Extortion scams: what to do if a scammer has your data
An email that’s been circulated repeatedly now includes a worrying number of personal details about its targets — here’s what you need to know about this extortion scam.
While it might seem alarming to see an image of your home in a message from a scammer, it's nothing to worry about. This is known as spear-phishing, where scammers obtain your personal data in many ways – from data breaches to trawling social media. However, it's knowing how to react to these messages that will keep you and your data safe.
Below, we tell you what you can do if you’re targeted by a scam email like this.
Sign up for scam alerts
Our emails will alert you to scams doing the rounds, and provide practical advice to keep you one step ahead of fraudsters.
Sign up for scam alerts
Scam spear-phishing email
The email typically begins by saying ‘I've got some bad news to share with you’. It goes on to tell you that the writer of the email has gained access to your devices and has been monitoring your online activity.
The scammer will claim that malware has been installed on your device and they have ‘full control of your microphone, camera and keyboard’.
They then tell you they’ve downloaded all your data, including ‘your photos, browsing history, messages from your apps, social media, chat history and contacts’.
The email ends with a warning that to avoid compromising photos and videos of you being shared with your contacts, you should make a large payment to be transferred to the scammer in Bitcoin.
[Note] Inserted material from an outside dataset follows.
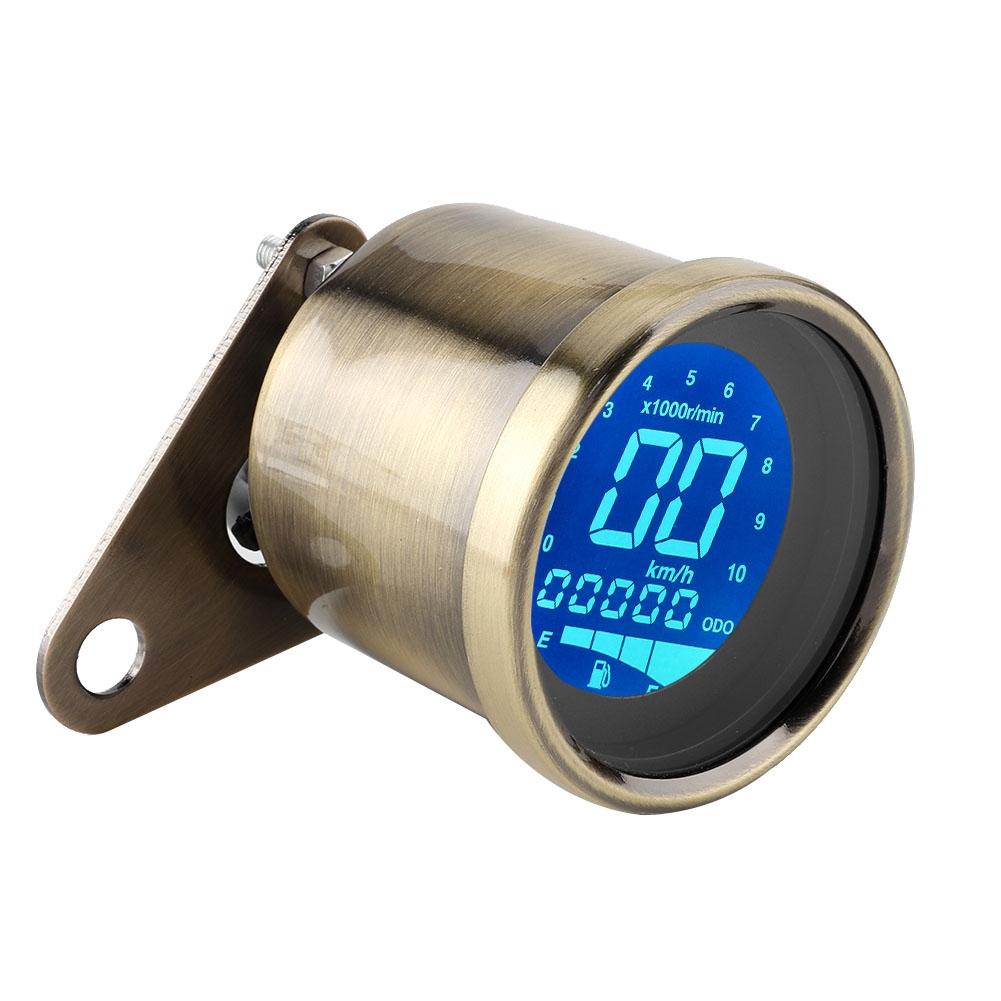 Universal Motorcycle LCD Backlight Speedometer Odometer Tachometer Meter Gauge(Yellow Copper)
Recipients of the email have reported that it included their name, address, phone number and an image of their home. Some have even said that the email included an image of their passport as well as names of their contacts and the relationship they have with them.
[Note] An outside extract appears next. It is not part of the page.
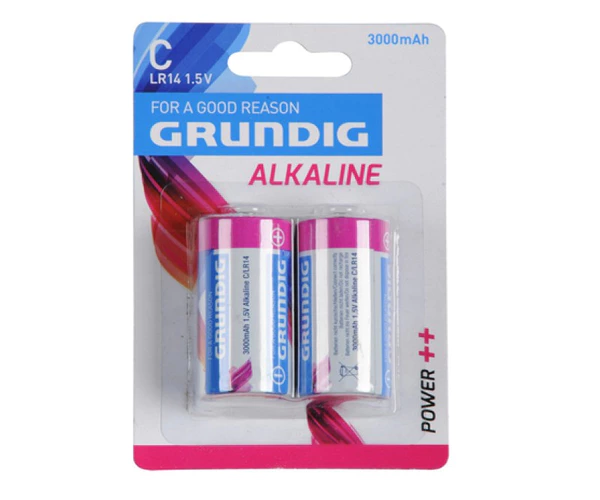 [A51670] Grundig Alkaline C Batteries, 2 Pack, LR14, 1.5v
Where do scammers get this information from?
With your name alone, scammers may be able to find out your home address, email addresses and other information about you from public records, phishing websites and your social media accounts.
The more you share on social media from public accounts, the more information a scammer is able to gather about you.
Data breaches provide another source for scammers to glean your data; the information is bought and sold on the dark web.
In these recent examples of scam emails, scammers have taken screenshots of houses on Google Maps’ street view after typing in addresses.
Read more: my data has been lost in a breach, what are my rights?
How to avoid being spear-phished
If you receive a scam email claiming to have access to your data, don't engage with the scammer. You can report the email by forwarding it to report@phishing.gov.uk.
In the age of social media, online profiles and our ever-growing digital footprint, scammers use a variety of ways to gather enough information to target you.
It's important to not respond to these scam messages, but instead you can take precautions to limit and protect your data:
- Check if your data has been leaked at haveibeenpwned.com. If you use Google, visit passwords.google.com/checkup to see if any of your username and password combinations have been breached.
- Ensure your new passwords are secure and use a password manager to organise and securely store your various passwords.
- Download antivirus software to protect your data from malware attacks and run a scan on your device.
- Keep your social media profiles private and avoid oversharing. Follow our tips to secure your social media account.
- Be wary of clicking links in unsolicited messages and entering your information into websites you’re not familiar with.
- Consider using temporary email addresses to register on websites. You can use Temp Mail, Guerilla Mail or Apple’s Hide My Email tool if you have an iCloud subscription.
- Exercise your right to be forgotten – under GDPR, you have the right to ask companies to erase your personal data.
If you lose any money to a scam, call your bank immediately using the number on the back of your bank card and report it to Action Fraud, or call the police on 101 if you’re in Scotland.